What needs to be done - A faithful copy is required. Print each line of the data exactly and omit the pictures.

Data excerpt -
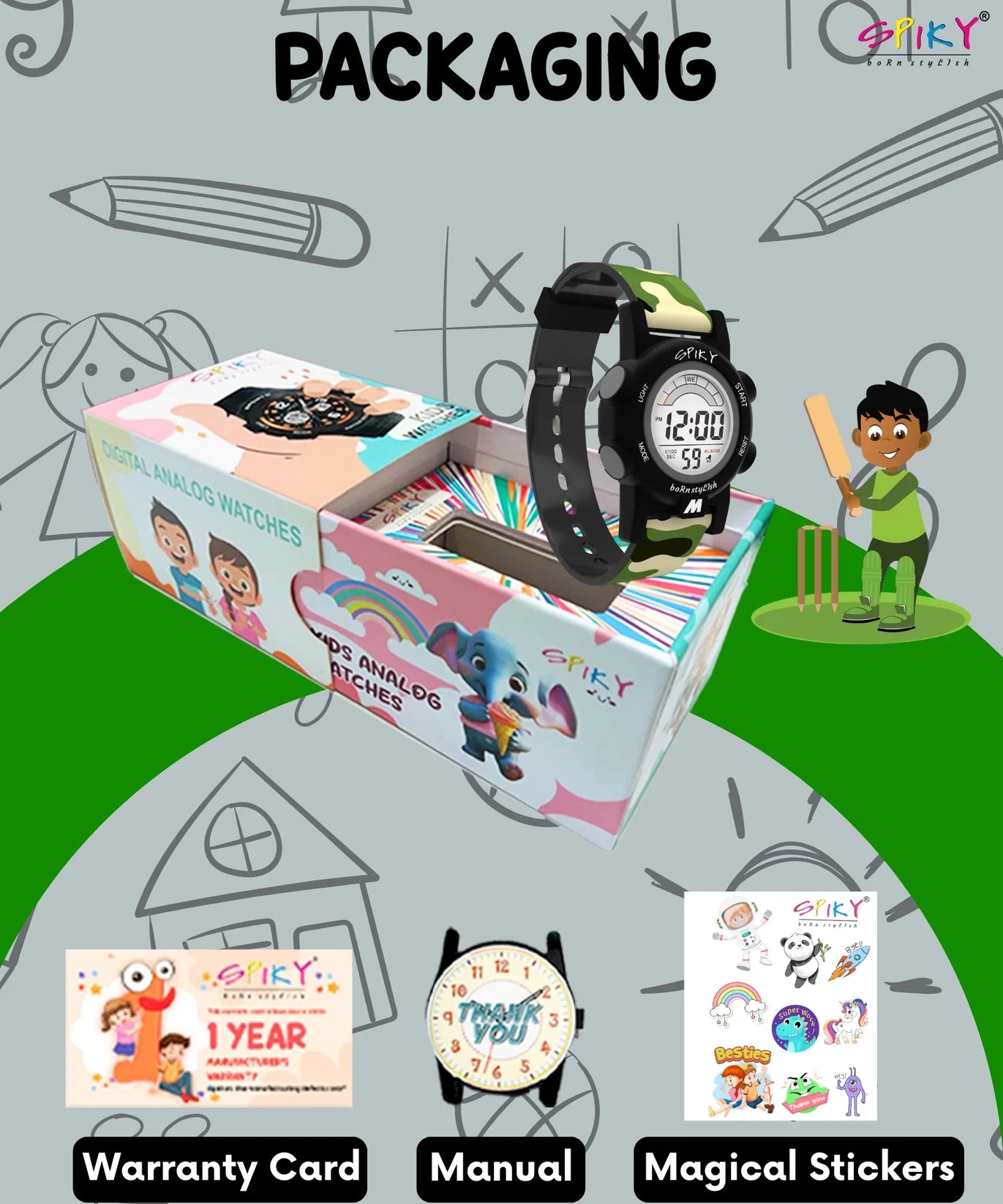 Spiky Multi-functional Digital Sports Watch -- EVA41_C1_BLK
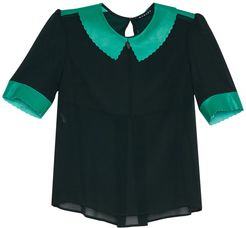 Alisha Silk Top With Leather Collar Green
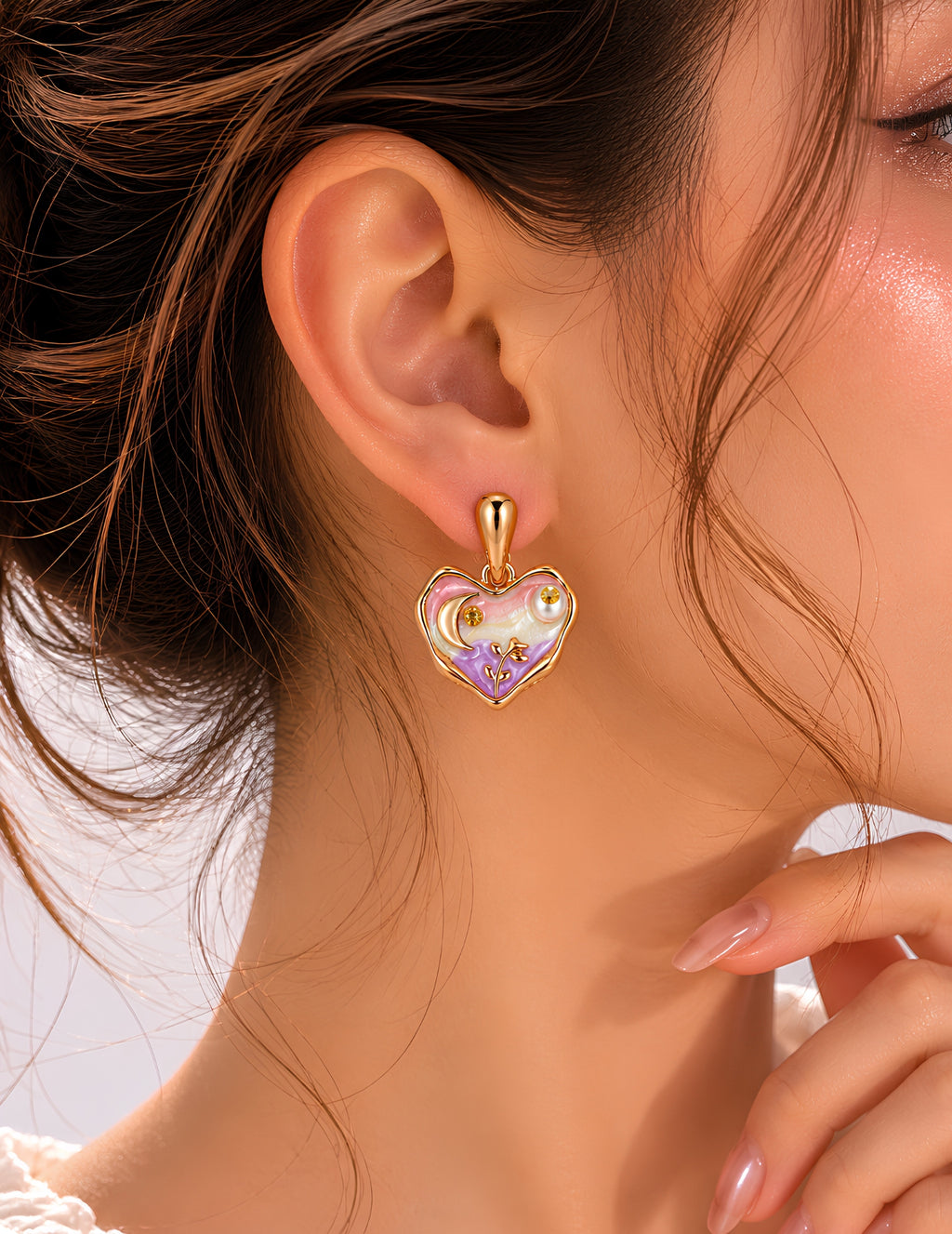 Henika Moonlit Heart Drop Earrings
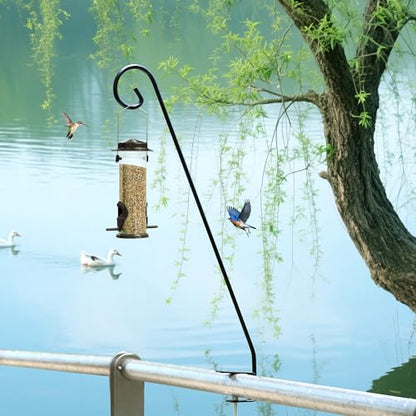 MIXXIDEA 2 Packs Heavy Duty Deck Rail Pole Deck Hook, Extensible and Adjustable Deck Hook for Hanging Bird Feeder, Plants, Suet Baskets,Wind Chimes,Lanterns - size: 28in Long Curled Hook-2 Packs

Task output -
 Spiky Multi-functional Digital Sports Watch -- EVA41_C1_BLK
 Alisha Silk Top With Leather Collar Green
 Henika Moonlit Heart Drop Earrings
 MIXXIDEA 2 Packs Heavy Duty Deck Rail Pole Deck Hook, Extensible and Adjustable Deck Hook for Hanging Bird Feeder, Plants, Suet Baskets,Wind Chimes,Lanterns - size: 28in Long Curled Hook-2 Packs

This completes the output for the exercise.